Another set of reconstructed PIE words that points in the same direction includes such weather and climate related terms as ‘cold’, ‘winter’, and ‘snow’: while Anatolia has some snow-covered peaks, the climatic fit is much better for the Ukrainian forest-steppe zone (see the map on the left).





All in all, examining the meanings of words that can be reconstructed for PIE indicates a relatively northern location for the family’s homeland, compatible more with the Kurgan hypothesis than with the Anatolian one. Examining PIE vocabulary reveals another interesting point: PIE must have been in contact with another reconstructed proto-language, Proto-Uralic, as the latter contains words similar to their counterparts in Proto-Indo-European, such as *porćas ‘pig’ (cf. PIE *porkos). The presence of such shared vocabulary has been interpreted by some linguists as evidence for the existence of a combined Indo-Uralic language family, though most scholars take the opposite view and treat these items as loanwords from PIE into Proto-Uralic. But for such borrowing to have been possible, PIE must have been spoken in reasonable proximity to Proto-Uralic. The location of the Uralic homeland is also uncertain, with some scholars placing it in Western Siberia and others just to the west of the Ural Mountains. Among the latter group are those who associate Proto-Uralic with the Pit-Comb Ware culture situated to the north of the Kurgan culture in the 5th millennium BCE. In effect, the Kurgan hypothesis of the Indo-European origins and the European theory of Proto-Uralic homeland support each other. If PIE had been spoken in Asia Minor, as Bouckaert et al. claim, we find no traces of similar borrowings by its putative neighbors.

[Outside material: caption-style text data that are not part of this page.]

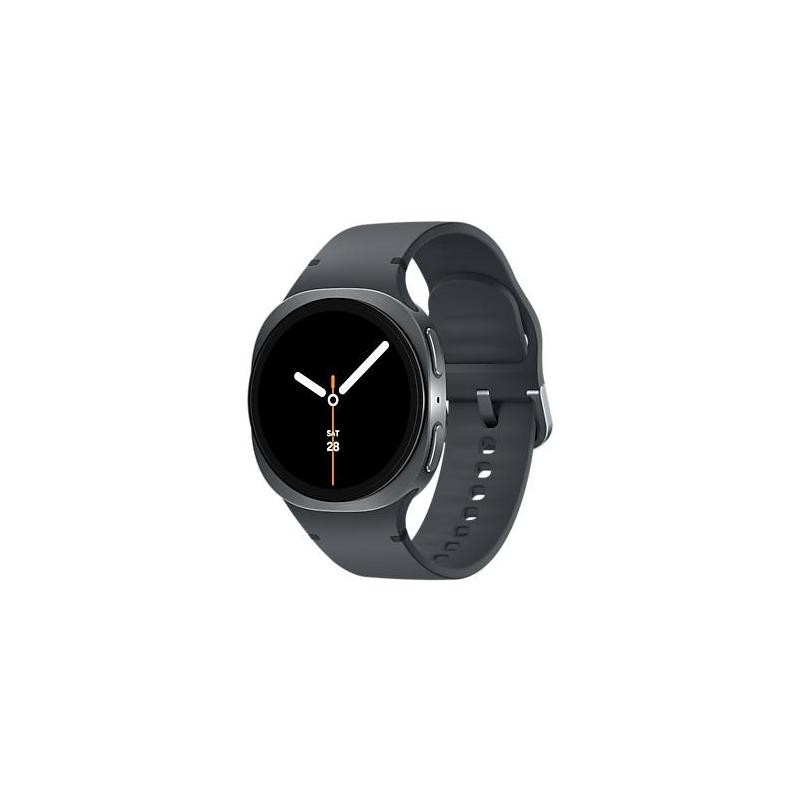 Samsung Galaxy Watch 8 3,3 cm (1.3"") AMOLED 40 mm Digitale 438 x 438 Pixel Touch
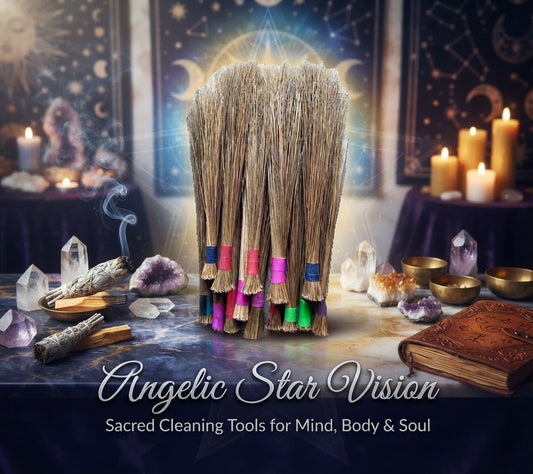 Spiritual Broom (Fortified)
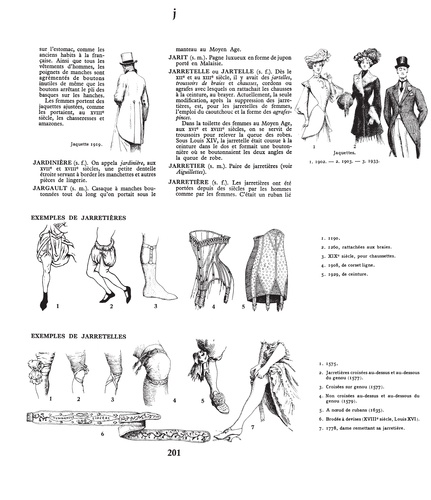 Dictionnaire du costume et de ses accessoires des... de Maurice Leloir -  Beau Livre - Livre - Decitre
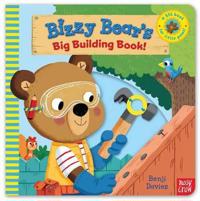 Bizzy Bear's Big Building Book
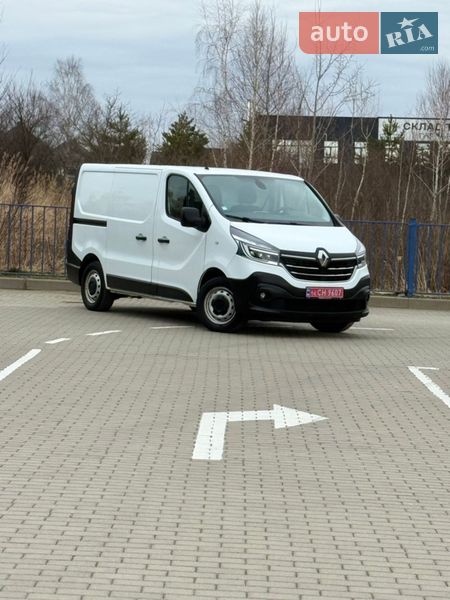 Вантажний фургон Renault Trafic 2021 в Дрогобичі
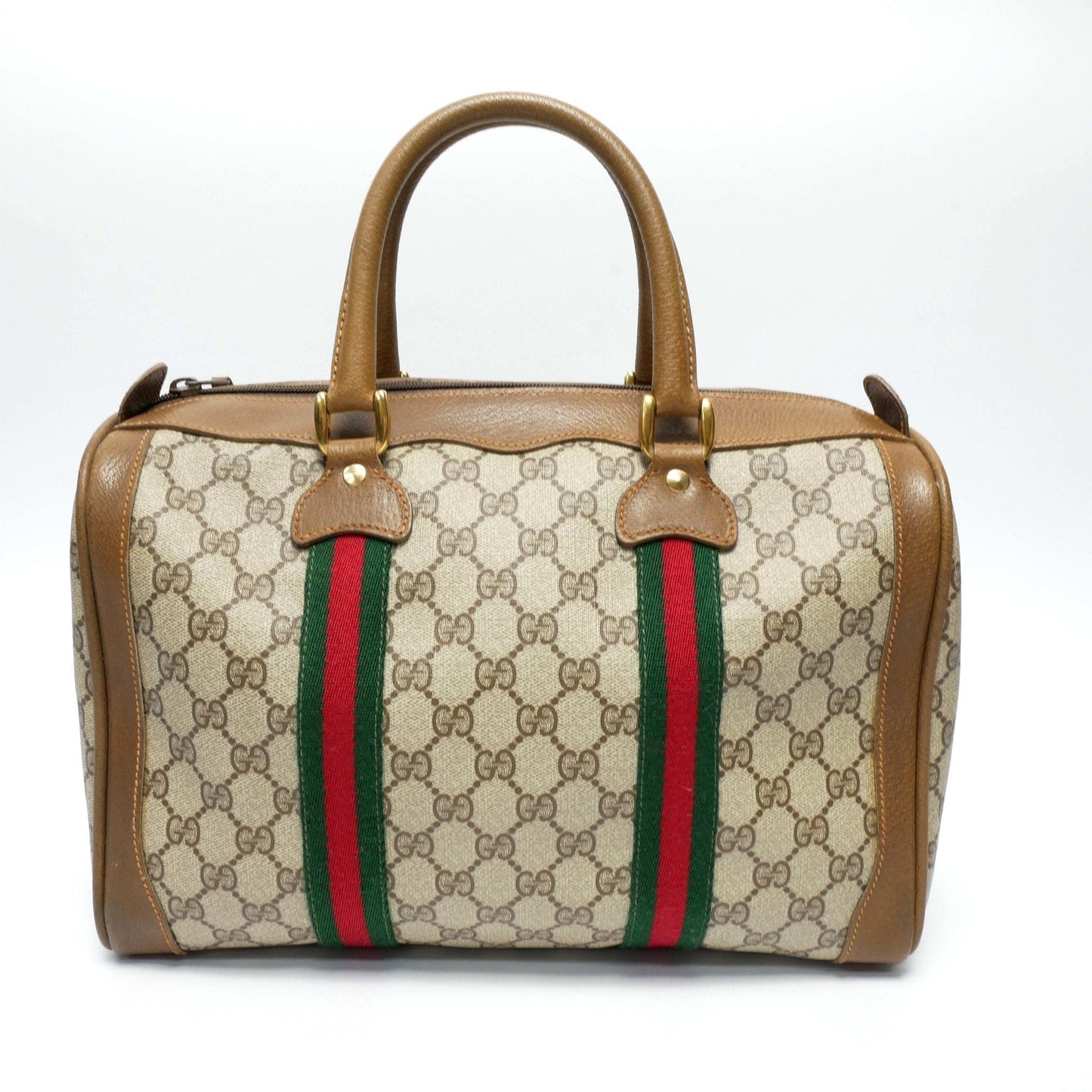 Gucci Lou Leather Mini Handbag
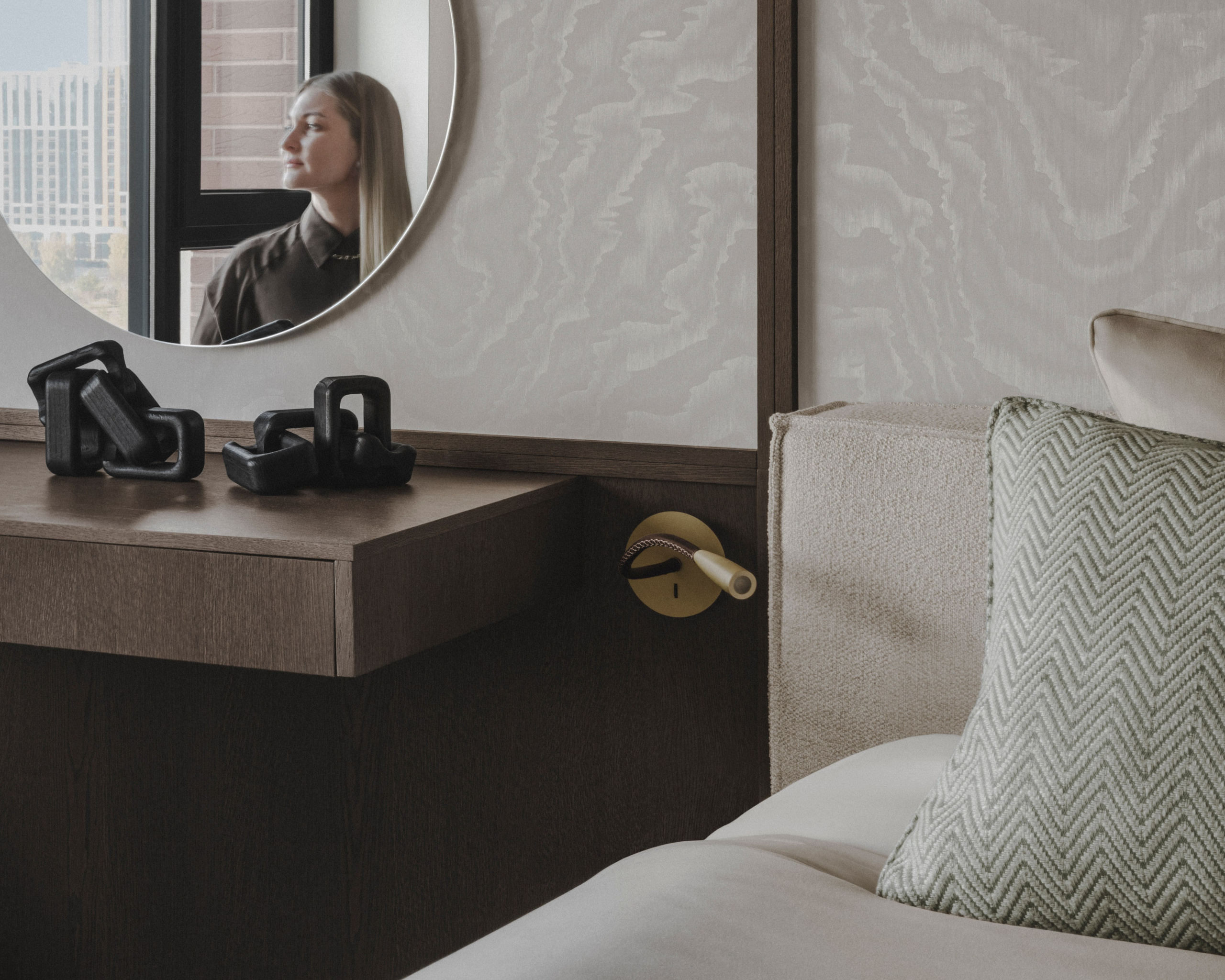 Фотосъёмка для дизайнера интерьера. Роман Якунин — интерьерный фотограф в Алматы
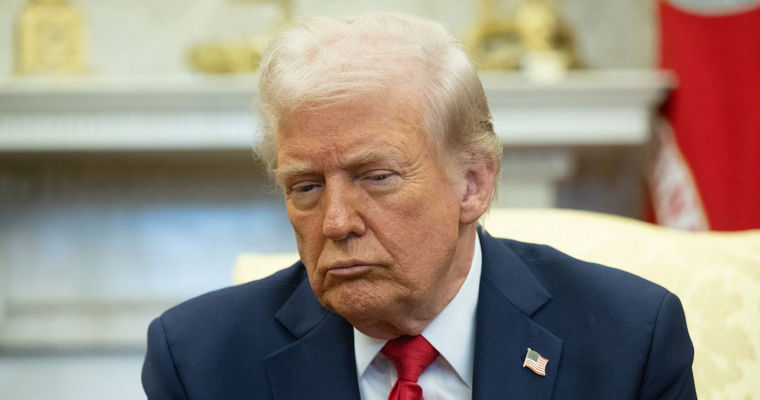 "Пещерный человек каменного века": Иран посмеялся над Трампом за недавние угрозы.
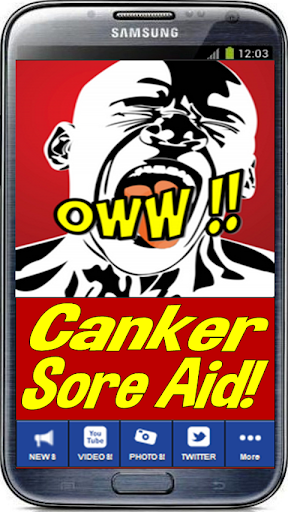 CANKER SORE AID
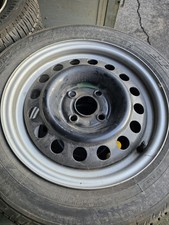 4x Stahlfelge ORIGINAL VW AUDI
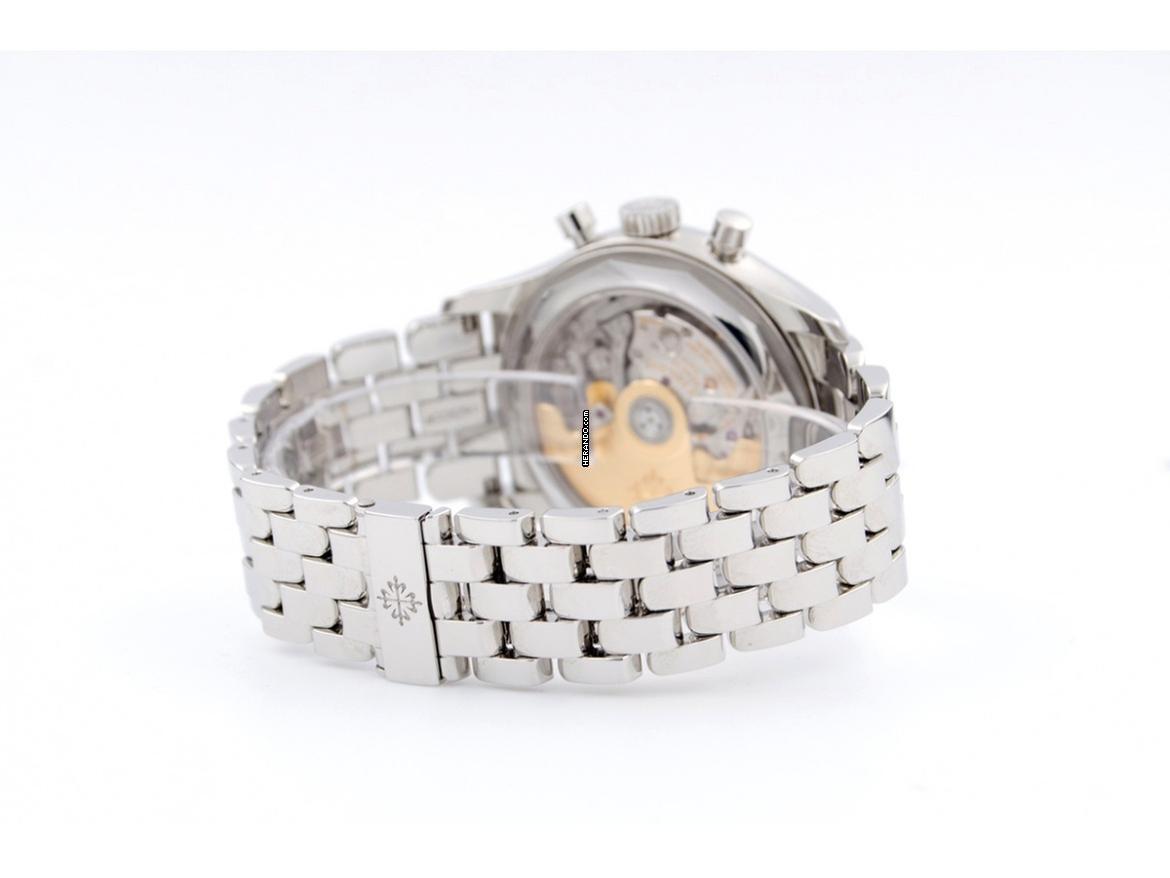 Thumbnail von Patek Philippe Annual Calendar Chronograph Complicazioni Calendario Annuale - Cronografo 5960/1a-001 New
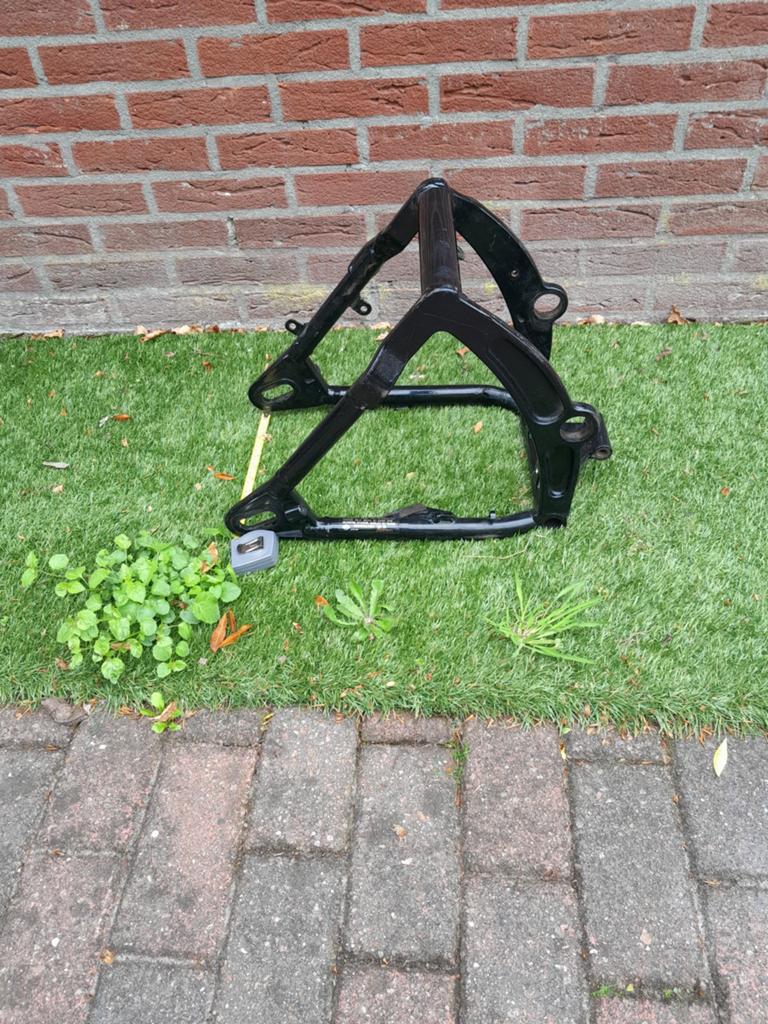 Achterbrug softail, Motoren, Ophalen of Verzenden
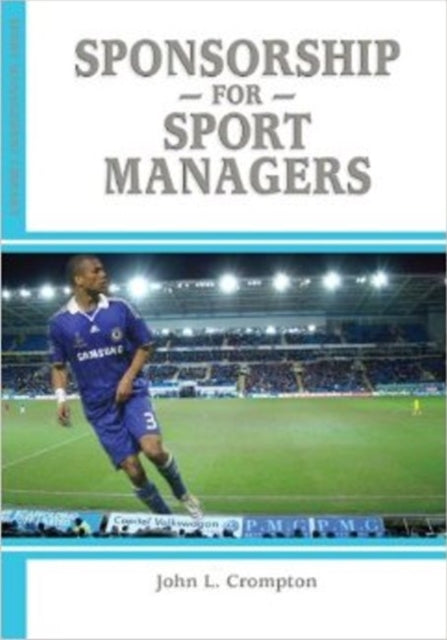 Book cover of: Sponsorship for Sport Managers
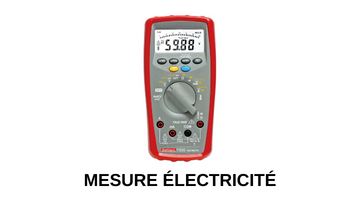 Mesure électricité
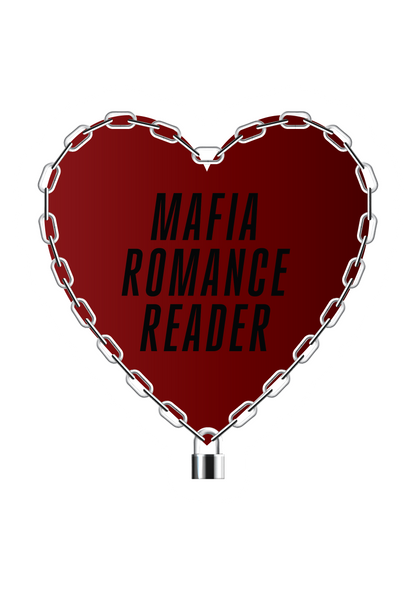 MAFIA ROMANCE READER STICKER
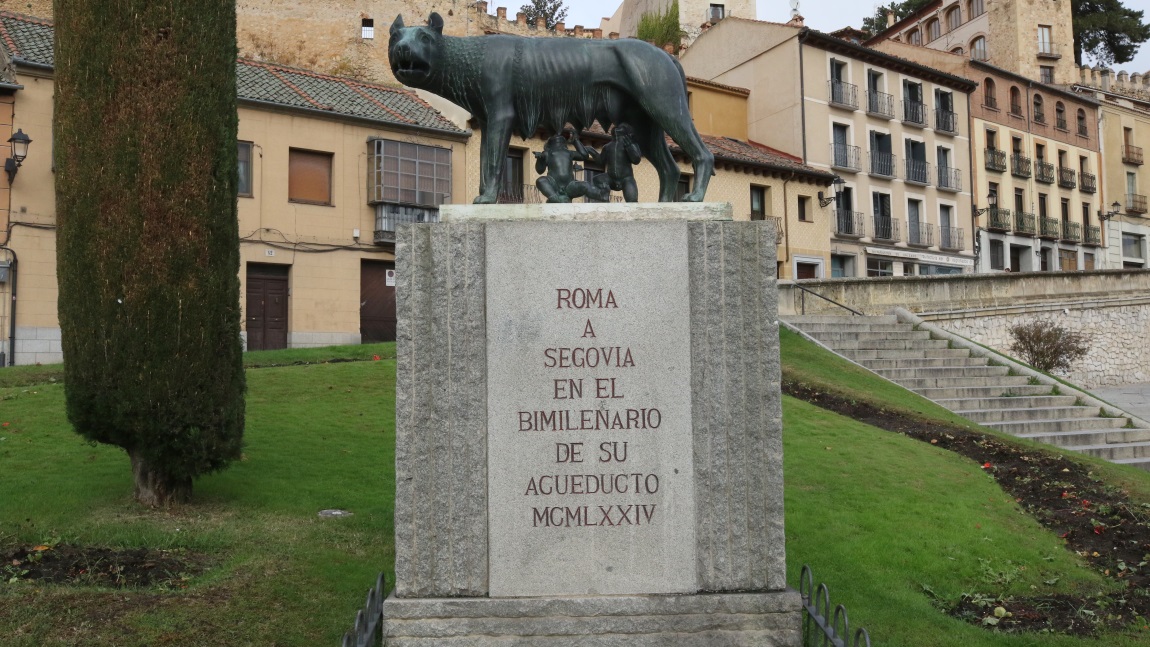 Romulus and Remus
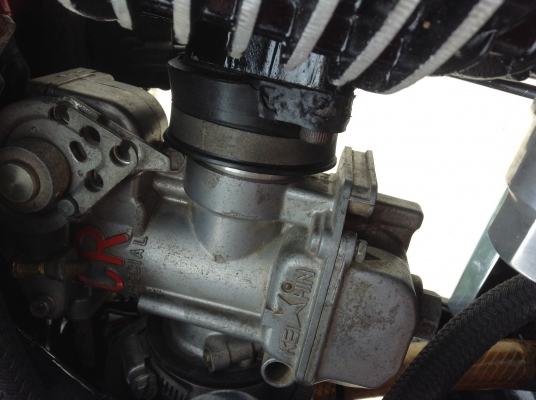 SR400 คาเฟ่ ของแต่งเพียบ แท้ญี่ปุ่น ราคา 75000 ต่อลองได้ อินวอยชื่อคนซืัอ มือ 1 ไทย 0802088341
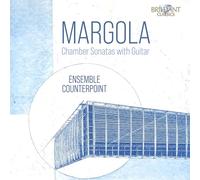 Ensemble Counterpoint - Margola: Chamber Sonatas with Guitar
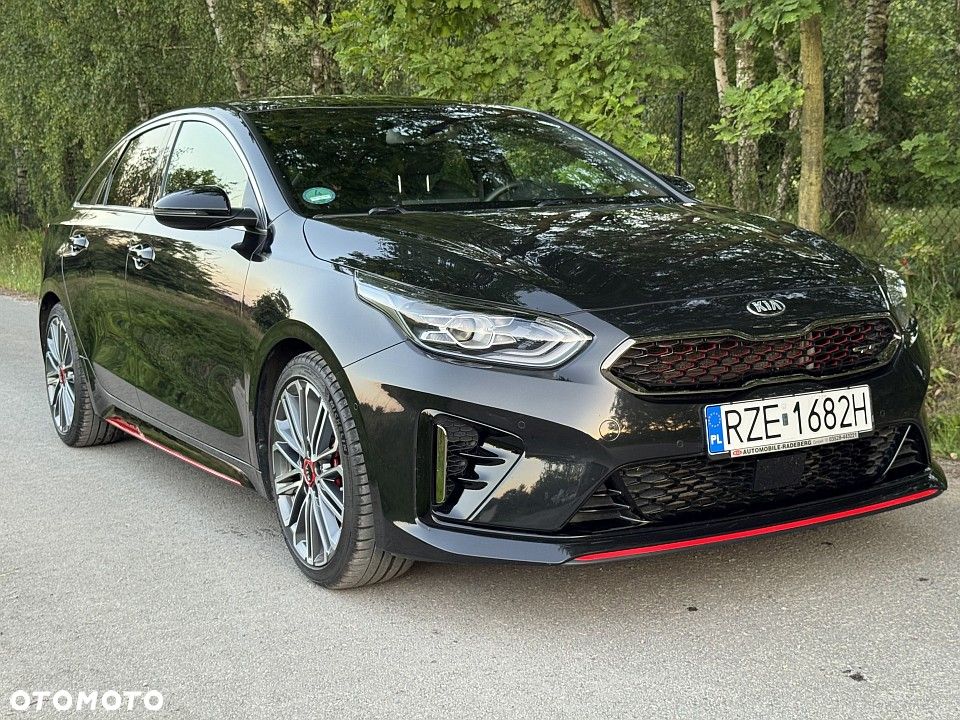 Kia ProCeed 1.6 T-GDI DCT7 OPF GT - 1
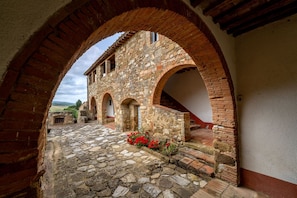 Main Entrance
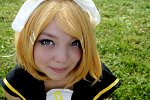 Cosplay-Cover: Rin Kagamine [Basic]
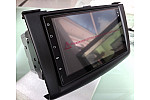Nissan Rogue 2008-2012 Aftermarket Android Head Unit Car Stereo 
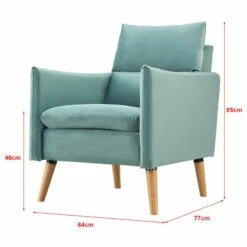 Fauteuil De Salon Eitting 27 Fauteuil De Salon Eitting -HOME24 Soldes 7cc8e36ec7724851a3a0a300a9296be7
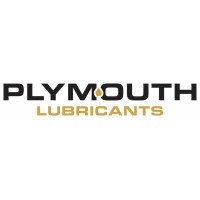 Plymouth Lubricants logo - Similar company to Us Standard Sign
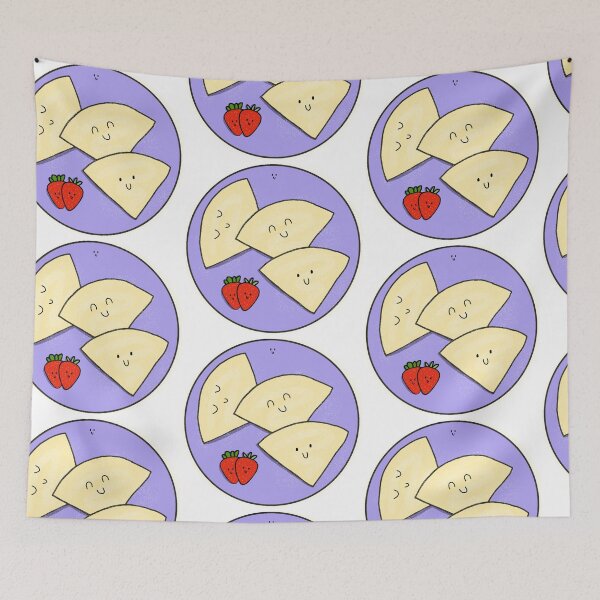 Item preview, Cute smiley crepes designed and sold by Lexi DesignZ .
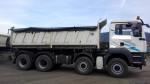 MAN TGA 35 440 8x4 BB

* “Phylogeny” is a biological term that refers to the history of the lineages of species as they change and differentiate through evolutionary processes.

**The word *kwekwlos in Tocharian changed its meaning from ‘wheel’ to ‘wagon’. But as pointed out above, such change from part to whole is not uncommon: for example, in present-day English to buy new wheels can denote a purchase of new tires or a whole car.


Anthony, David W. (2007) The Horse, The Wheel, and Language. How Bronze Age Riders from the Eurasian Steppes Shaped the Modern World. Princeton University Press.

McMahon, April (2010) “Computational Models and Language Contact”. In Raymond Hickey (ed.) The Handbook of Language Contact. Pp. 128–147. Wiley-Blackwell.

Pereltsvaig, Asya (2012) Languages of the World: An Introduction. Cambridge University Press.